Here, we register the model from the manual logging run and demonstrate version control.

In [8]:
from mlflow.tracking import MlflowClient
import mlflow

# Assuming manual_run_id is from your previous run
model_name = "Linear_Regression_Model"

try:
    # Register the model from the run
    model_uri = f"runs:/{manual_run_id}/linear_regression_model"
    result = mlflow.register_model(model_uri=model_uri, name=model_name)
    print(f"Model registered: {model_name}, Version: {result.version}")

    # Optionally, tag the model version (modern alternative to staging)
    client = MlflowClient()
    client.set_model_version_tag(
        name=model_name,
        version=result.version,
        key="stage",
        value="staging"
    )
    print(f"Model version {result.version} tagged with stage: staging")

except Exception as e:
    print(f"Error registering model: {str(e)}")

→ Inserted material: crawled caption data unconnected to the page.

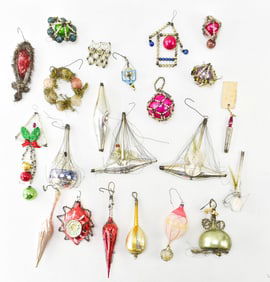 COLLECTION OF VICTORIAN & VINTAGE GLASS ORNAMENTS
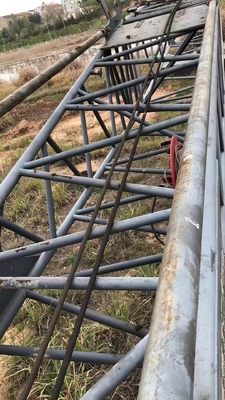 Baustoffgeschäfte benötigen für große Projekte einen gebrauchten Crawler Crane SCC550E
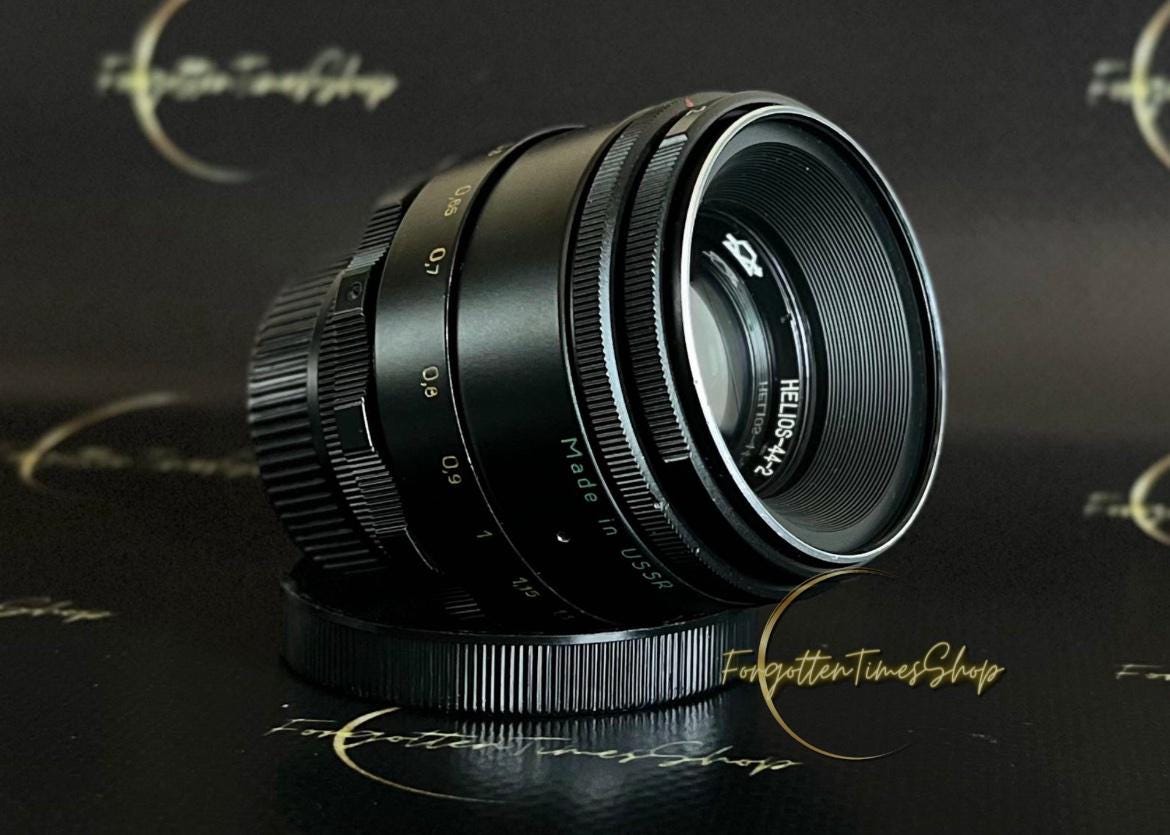 Helios-44-2 KMZ 58 Mm F/2.0 Vintage Lens, Beautiful Swirled Bokeh
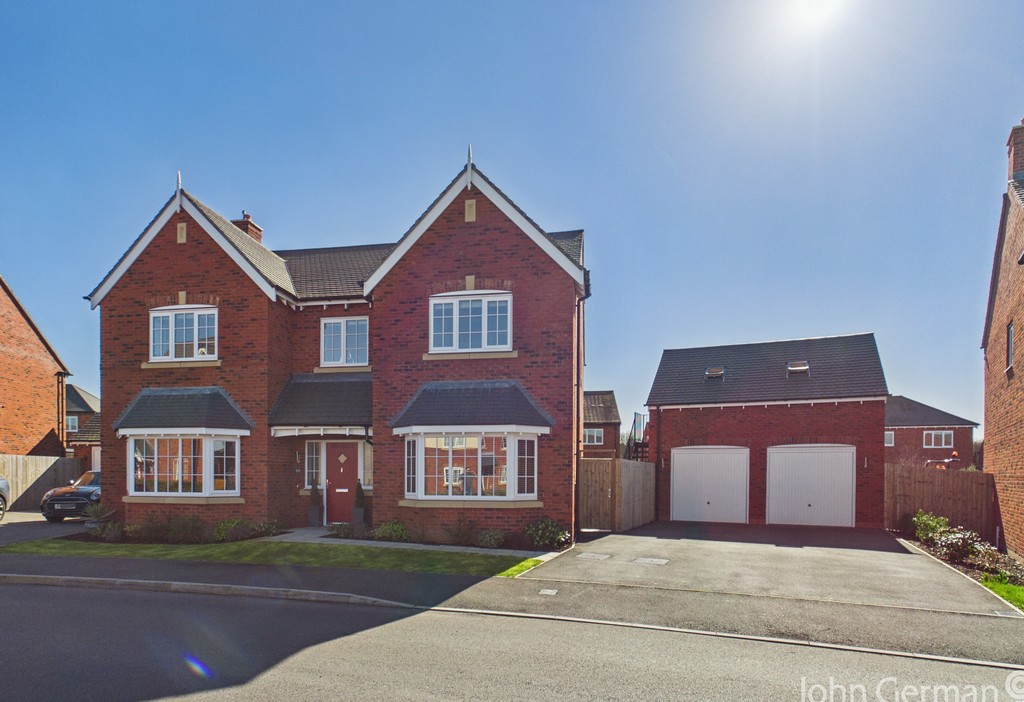 5 bedroom Detached house For Sale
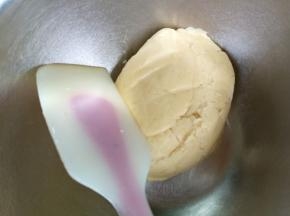 拌匀后的面团状态如图，然后放入冰箱冷藏一个小时松弛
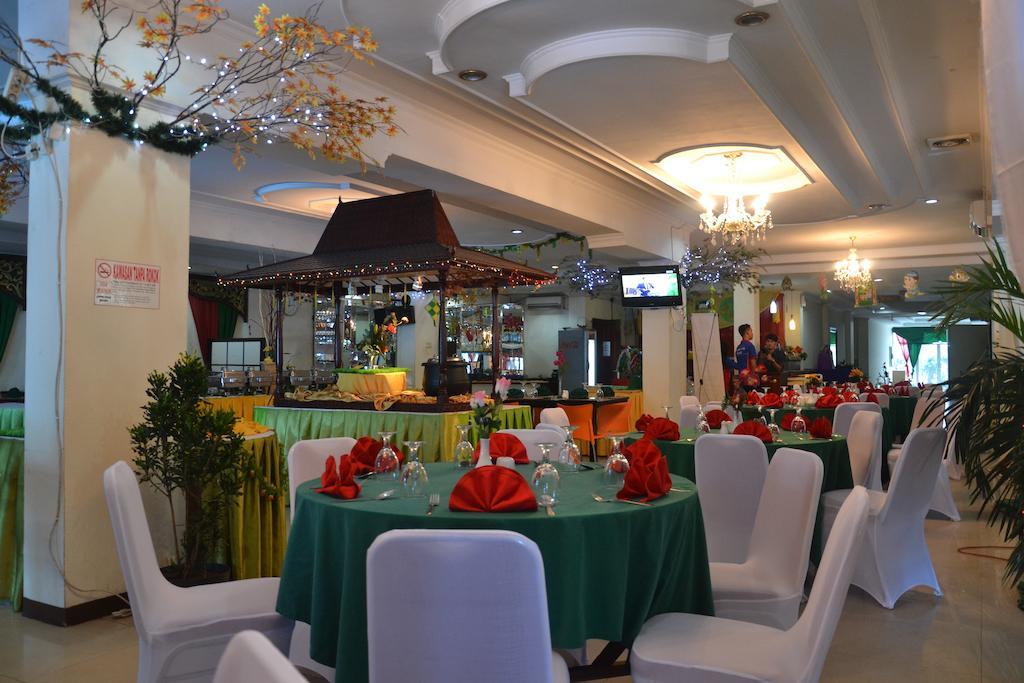 Hotel Duta Palembang Eksteriør billede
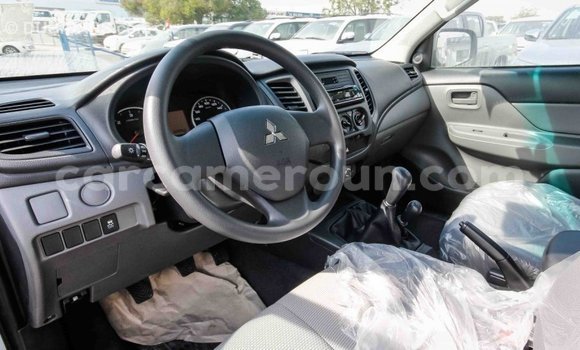 Acheter Import Voiture Mitsubishi L200 Blanc à Import - Dubai, Adamawa Acheter Import Voiture Mitsubishi L200 Blanc à Import - Dubai, Adamawa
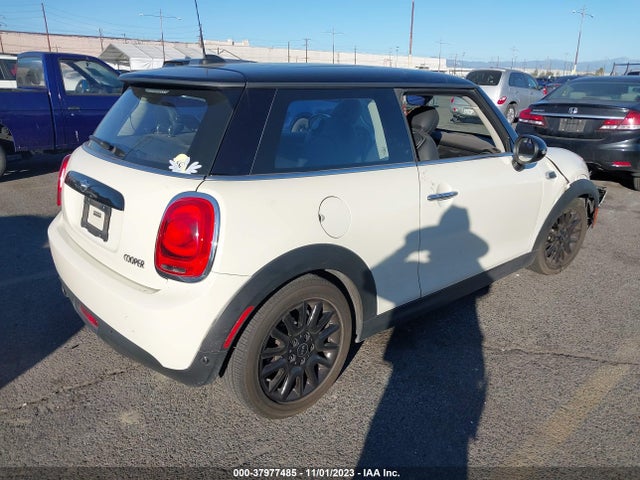 2019 MINI HARDTOP WMWXP5C54K2H29754 Photo 3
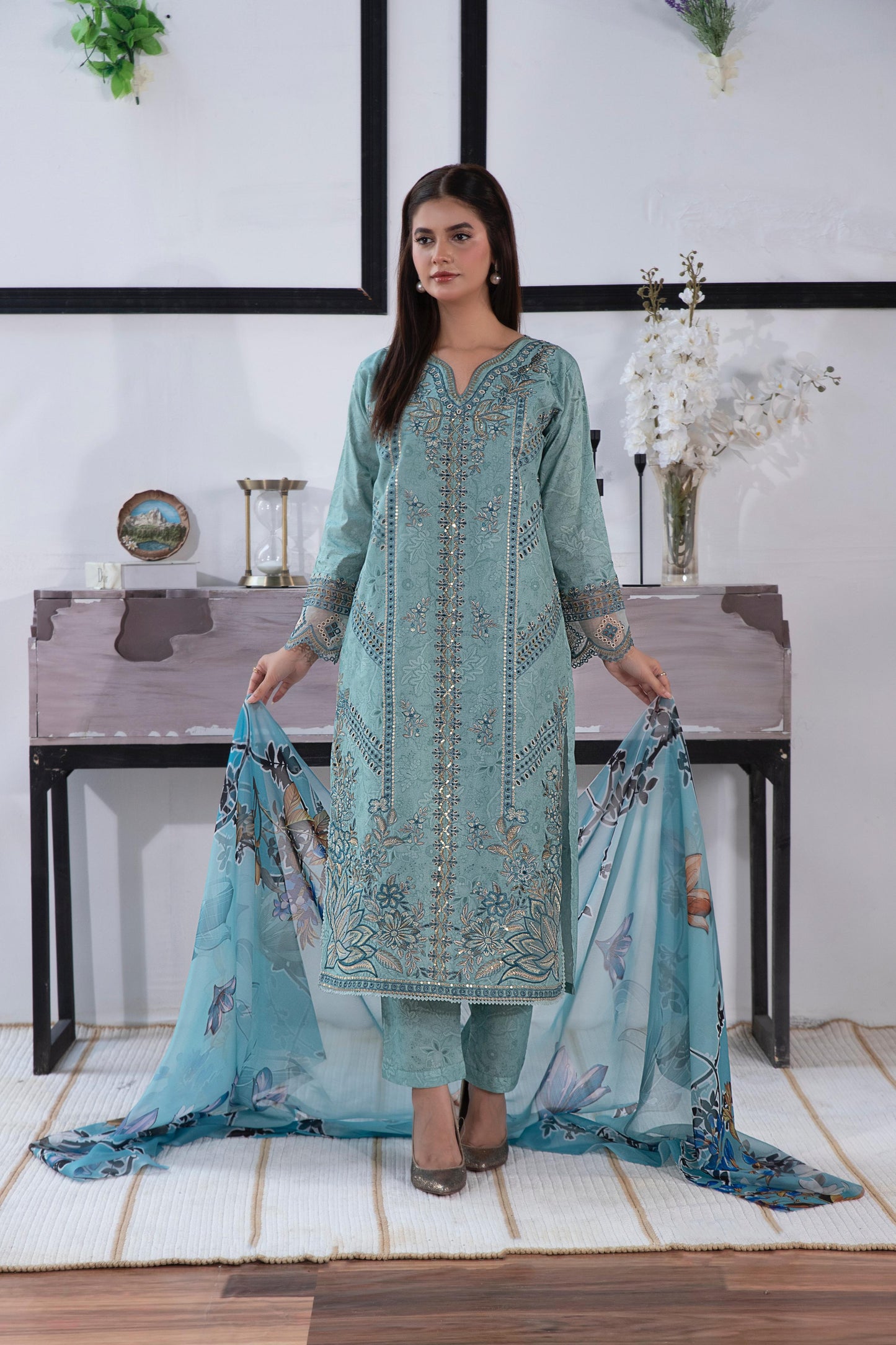 Soffra Zinc Embroidered 3-Piece 1715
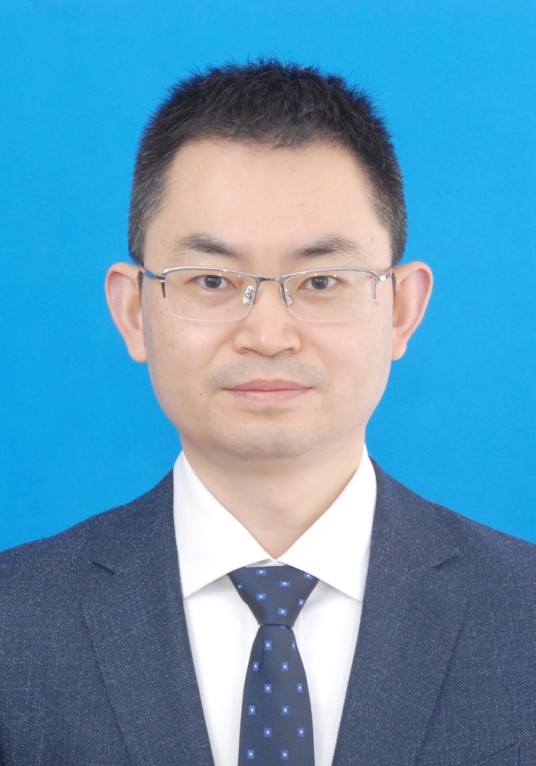 张本（海南医科大学党委常委、海南省人民医院党委副书记）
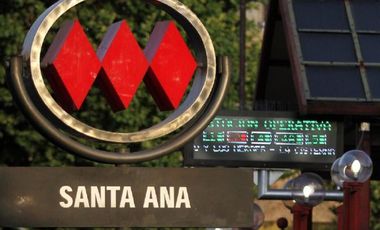 EN VENTA DEPARTAMENTO DUPLEX DE 2 PISOS, 3 DORMITORIOS, 2 BAÑOS, COCINA, LOGIA, EXCELENTE UBICACIÓN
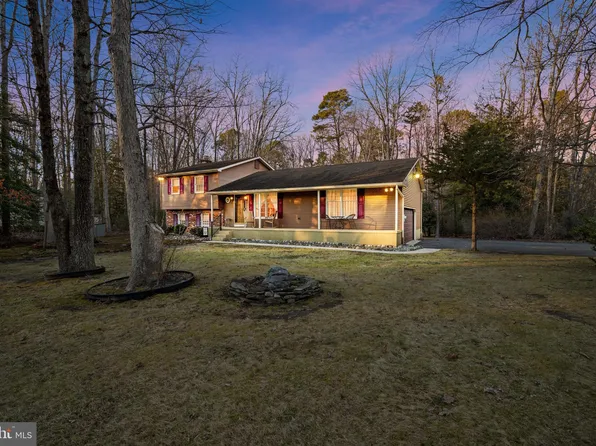 16 Wheatsheaf Rd, Shamong, NJ 08088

Successfully registered model 'Linear_Regression_Model'.
2025/07/07 04:57:18 INFO mlflow.store.model_registry.abstract_store: Waiting up to 300 seconds for model version to finish creation. Model name: Linear_Regression_Model, version 1


Model registered: Linear_Regression_Model, Version: 1
Model version 1 tagged with stage: staging


Created version '1' of model 'Linear_Regression_Model'.


Explanation:

- mlflow.register_model(): Registers the model in the MLflow Model Registry.
- client.transition_model_version_stage(): Moves the model to the "Staging" stage, indicating it's ready for testing.